Web page caption snippets
<<<<
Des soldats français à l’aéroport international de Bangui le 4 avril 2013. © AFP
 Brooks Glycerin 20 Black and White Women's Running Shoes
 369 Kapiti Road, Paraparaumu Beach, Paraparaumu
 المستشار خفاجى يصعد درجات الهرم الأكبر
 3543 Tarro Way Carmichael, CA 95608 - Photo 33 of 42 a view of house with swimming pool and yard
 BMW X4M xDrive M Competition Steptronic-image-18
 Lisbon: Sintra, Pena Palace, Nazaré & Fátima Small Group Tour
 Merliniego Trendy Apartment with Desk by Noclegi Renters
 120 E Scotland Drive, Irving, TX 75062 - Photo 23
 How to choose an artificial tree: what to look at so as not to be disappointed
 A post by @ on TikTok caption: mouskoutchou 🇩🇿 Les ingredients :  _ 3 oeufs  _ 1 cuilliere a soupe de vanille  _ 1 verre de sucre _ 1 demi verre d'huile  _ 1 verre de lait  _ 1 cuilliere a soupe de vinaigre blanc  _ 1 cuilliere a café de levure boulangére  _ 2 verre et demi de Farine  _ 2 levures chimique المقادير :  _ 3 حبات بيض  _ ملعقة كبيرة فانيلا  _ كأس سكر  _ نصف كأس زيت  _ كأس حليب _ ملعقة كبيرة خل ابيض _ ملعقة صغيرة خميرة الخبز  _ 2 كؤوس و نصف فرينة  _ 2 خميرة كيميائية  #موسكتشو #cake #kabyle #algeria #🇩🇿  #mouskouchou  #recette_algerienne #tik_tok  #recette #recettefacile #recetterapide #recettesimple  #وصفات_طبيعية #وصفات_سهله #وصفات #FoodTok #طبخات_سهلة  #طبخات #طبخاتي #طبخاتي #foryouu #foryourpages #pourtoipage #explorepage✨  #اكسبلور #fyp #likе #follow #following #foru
>>>>
* **EXERCISE**
All lines that contain the word "with" must be copied from the records above.

* **ANSWER SPACE**
 3543 Tarro Way Carmichael, CA 95608 - Photo 33 of 42 a view of house with swimming pool and yard
 Merliniego Trendy Apartment with Desk by Noclegi Renters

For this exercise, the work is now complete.